The exhaustion of the Allies, stemming from the setbacks of 1917, increased their dependence on U.S. arms. It also engendered pressure on Pershing to condone the “amalgamation” of small units of American troops into European armies, as the Allies desperately wanted replacements for their depleted formations to resist expected attacks. From the start, Pershing insisted that the integrity of the American army be preserved, making a firm stand against French tutelage and the French desire to infuse the new American blood into their ranks. Pershing also opposed proposals to divert some U.S. troops to secondary theatres. The Supreme War Council, an institution established to coordinate the political-military strategy of the Allies, continually recommended amalgamation and that diversionary operations be conducted elsewhere than in France, but Pershing remained unmoved. If Pershing’s stance imposed a strain on the exhausted Allies, it was justified by the oft-cited warning against “pouring new wine into old bottles.” Pershing also felt that such an arrangement would represent an unprecedented sacrifice of national prestige. He argued that the fielding of an independent American army would be a serious blow to German morale and provide a permanent uplift to American self-confidence.
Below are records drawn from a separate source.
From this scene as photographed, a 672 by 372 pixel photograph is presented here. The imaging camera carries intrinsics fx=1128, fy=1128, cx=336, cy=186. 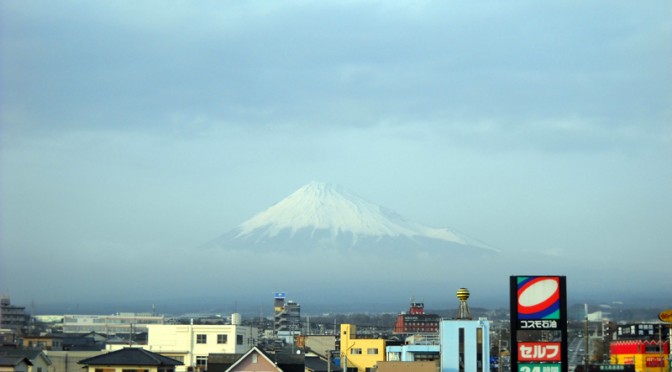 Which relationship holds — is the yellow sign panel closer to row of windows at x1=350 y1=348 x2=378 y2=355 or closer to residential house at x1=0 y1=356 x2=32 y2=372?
row of windows at x1=350 y1=348 x2=378 y2=355

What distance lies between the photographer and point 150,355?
171 feet

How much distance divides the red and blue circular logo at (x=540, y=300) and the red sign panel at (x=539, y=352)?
0.83m

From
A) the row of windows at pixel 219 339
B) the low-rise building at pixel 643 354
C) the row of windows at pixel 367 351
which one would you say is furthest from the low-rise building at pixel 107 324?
the low-rise building at pixel 643 354

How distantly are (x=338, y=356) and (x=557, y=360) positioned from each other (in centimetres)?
6066

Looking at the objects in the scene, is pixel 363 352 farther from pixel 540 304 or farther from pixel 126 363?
pixel 540 304

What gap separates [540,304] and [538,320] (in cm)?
45

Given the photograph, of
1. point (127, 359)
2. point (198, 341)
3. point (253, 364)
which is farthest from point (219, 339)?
point (253, 364)

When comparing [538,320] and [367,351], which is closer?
[538,320]

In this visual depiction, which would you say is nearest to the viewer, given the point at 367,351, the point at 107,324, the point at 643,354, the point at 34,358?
the point at 34,358

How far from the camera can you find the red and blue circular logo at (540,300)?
31.9 metres

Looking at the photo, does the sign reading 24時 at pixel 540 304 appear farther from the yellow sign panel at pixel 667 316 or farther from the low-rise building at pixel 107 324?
the low-rise building at pixel 107 324

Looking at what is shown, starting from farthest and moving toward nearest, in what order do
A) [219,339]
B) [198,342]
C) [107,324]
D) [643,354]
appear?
[107,324] → [643,354] → [198,342] → [219,339]

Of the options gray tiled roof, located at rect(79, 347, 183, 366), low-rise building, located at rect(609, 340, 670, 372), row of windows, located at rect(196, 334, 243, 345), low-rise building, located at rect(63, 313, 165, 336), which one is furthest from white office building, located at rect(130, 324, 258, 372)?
low-rise building, located at rect(63, 313, 165, 336)

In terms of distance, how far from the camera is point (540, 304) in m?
31.9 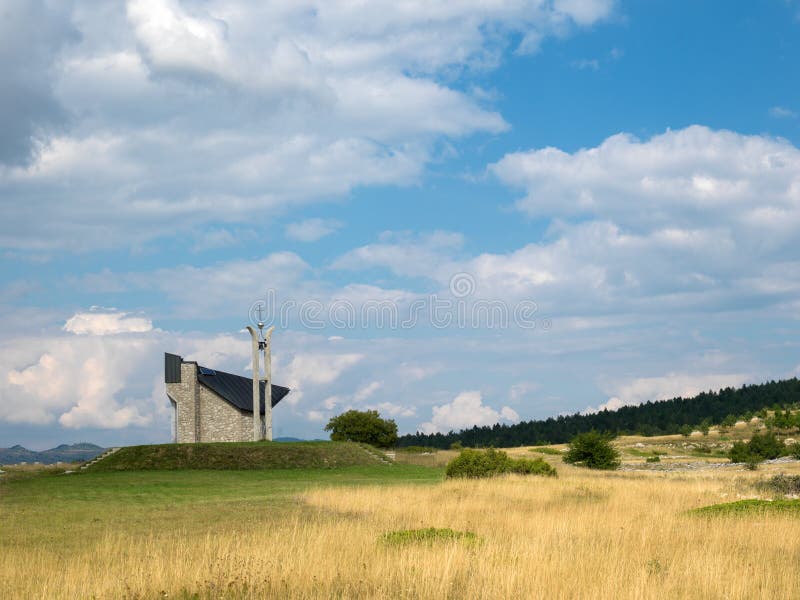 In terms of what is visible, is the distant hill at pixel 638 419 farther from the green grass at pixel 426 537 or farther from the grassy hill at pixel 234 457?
the green grass at pixel 426 537

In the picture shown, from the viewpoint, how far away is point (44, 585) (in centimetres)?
874

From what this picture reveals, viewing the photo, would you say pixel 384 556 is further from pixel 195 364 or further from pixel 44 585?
pixel 195 364

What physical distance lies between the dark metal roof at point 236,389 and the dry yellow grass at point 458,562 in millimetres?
40730

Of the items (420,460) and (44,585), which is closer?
(44,585)

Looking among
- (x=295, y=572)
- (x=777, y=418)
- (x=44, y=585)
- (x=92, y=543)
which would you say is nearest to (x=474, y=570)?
(x=295, y=572)

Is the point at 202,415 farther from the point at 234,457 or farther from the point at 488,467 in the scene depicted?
the point at 488,467

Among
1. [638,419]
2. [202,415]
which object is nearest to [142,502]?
[202,415]

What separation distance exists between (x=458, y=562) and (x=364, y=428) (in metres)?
56.8

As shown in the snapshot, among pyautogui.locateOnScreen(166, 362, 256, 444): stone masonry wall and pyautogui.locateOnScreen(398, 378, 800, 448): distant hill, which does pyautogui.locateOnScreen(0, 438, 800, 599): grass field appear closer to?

The disasters of early 1918 seemed to demonstrate the great risk that had been taken in pursuit of Pershing’s ideal. The Germans, their Western Front armies having been strongly reinforced because of the armistice recently concluded between the German-led Central Powers and Russia, embarked on a fresh wave of attacks designed to break the Allies’ will before the Americans could deploy in strength. At the Second Battle of the Somme, German armies advanced 40 miles (64 km) and captured some 70,000 Allied prisoners. When the German offensives of March–June 1918 threatened Paris, Pershing placed all his resources firmly at the disposal of French Marshal Ferdinand Foch. These pressures subsided when the Allies assumed the offensive during the summer, however, and Pershing reverted to his previous policy.

Pershing’s army never became entirely self-sufficient, but it conducted two significant operations. In September 1918 the AEF assaulted the Saint-Mihiel salient successfully. Then, at Foch’s request, later that month Pershing quickly regrouped his forces for the Meuse-Argonne offensive, despite his original plans to advance toward Metz. Though incomplete preparations and inexperience slowed the Meuse-Argonne operations, the inter-Allied offensive in France destroyed German resistance in early October and led to the Armistice the following month.

Pershing was criticized for operational and logistic errors, but his creation of the AEF was a remarkable achievement. He returned home with a sound reputation, and, on September 1, 1919, he was given the rank of general of the armies of the United States. Pershing’s nickname, “Black Jack,” derived from his service with a black regiment early in his career, had come to signify his stern bearing and rigid discipline. His determination and dedication had gained him the respect and admiration of his men, if not their affection. Eschewing politics, Pershing remained in the army, serving as chief of staff from 1921 until his retirement three years later. Pershing’s memoirs were published as My Experiences in the World War, 2 vol. (1931).